(Listed records)
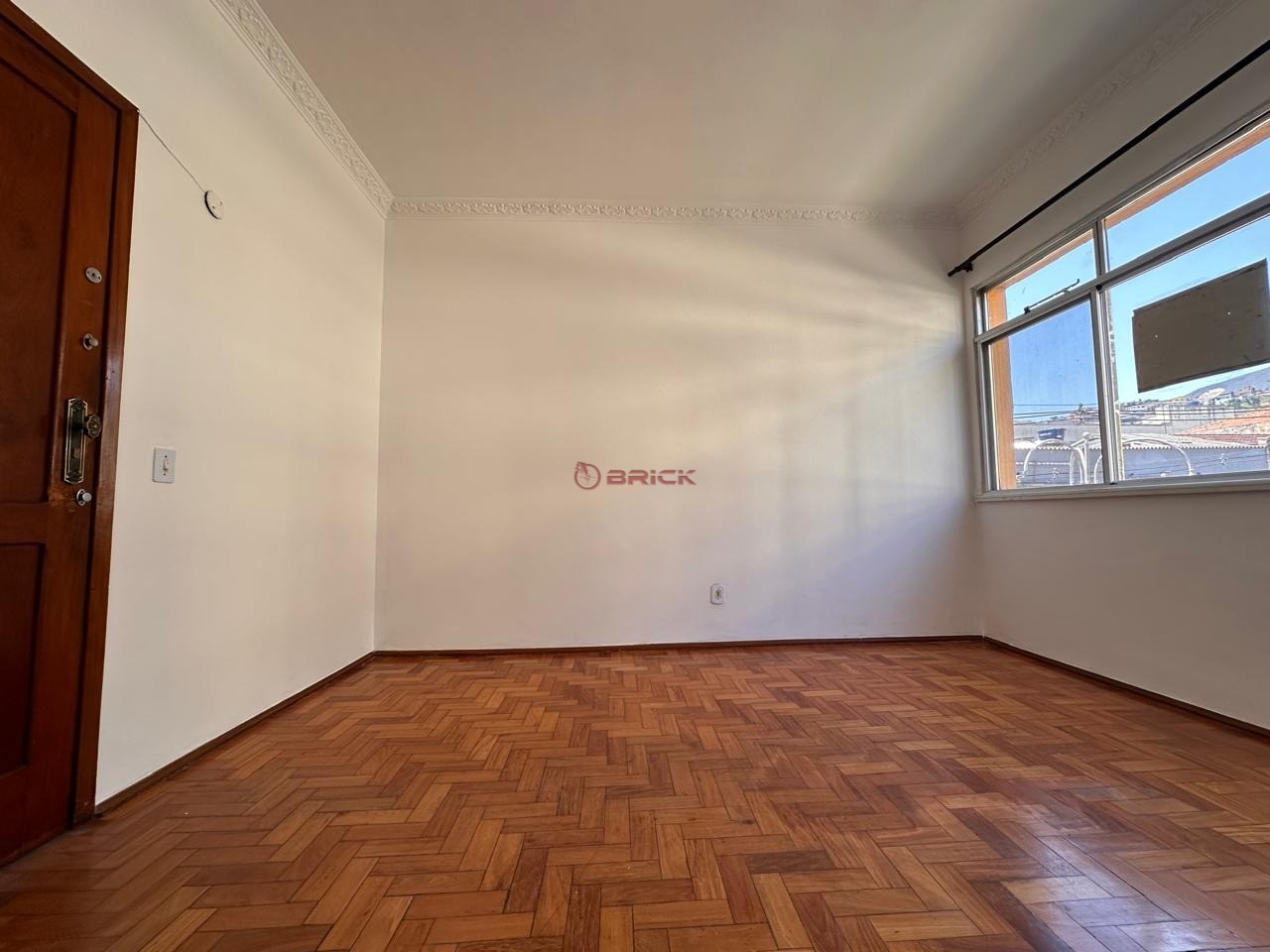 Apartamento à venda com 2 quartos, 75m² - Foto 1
(End Listed records)
(Listed records)
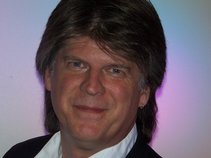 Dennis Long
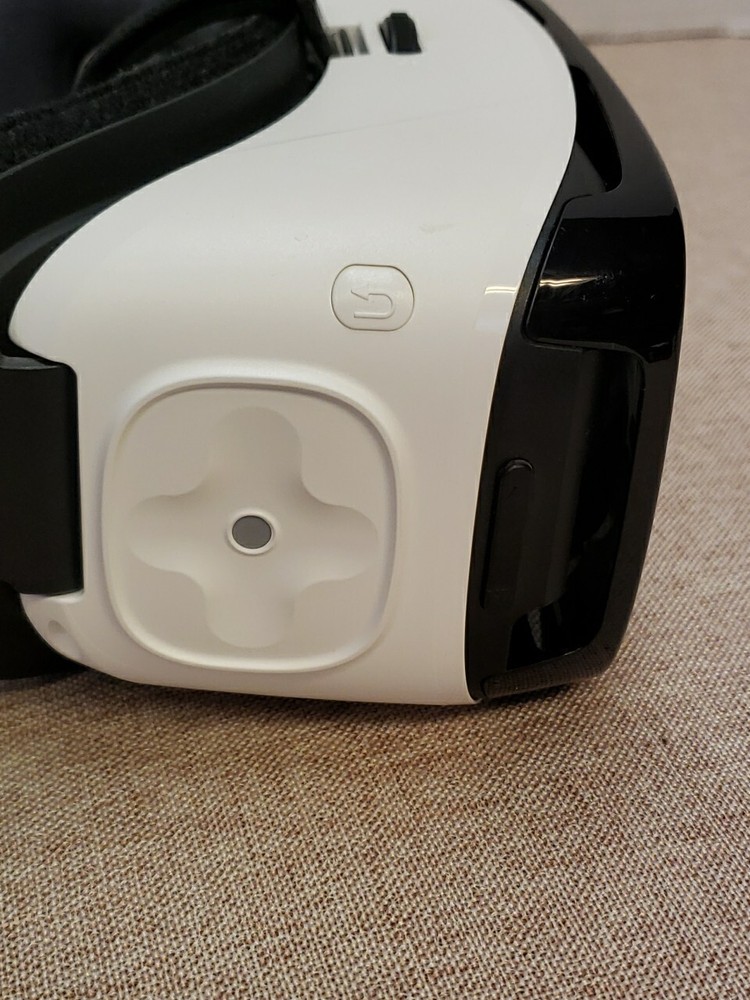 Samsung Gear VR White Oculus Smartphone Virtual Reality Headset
(End Listed records)
§ **Brief**:
Print exactly the lines above that run from the one with "Dennis Long" to the one with "Samsung Gear VR", both included. No pictures.

§ **Solution for this exercise**:
 Dennis Long
 Samsung Gear VR White Oculus Smartphone Virtual Reality Headset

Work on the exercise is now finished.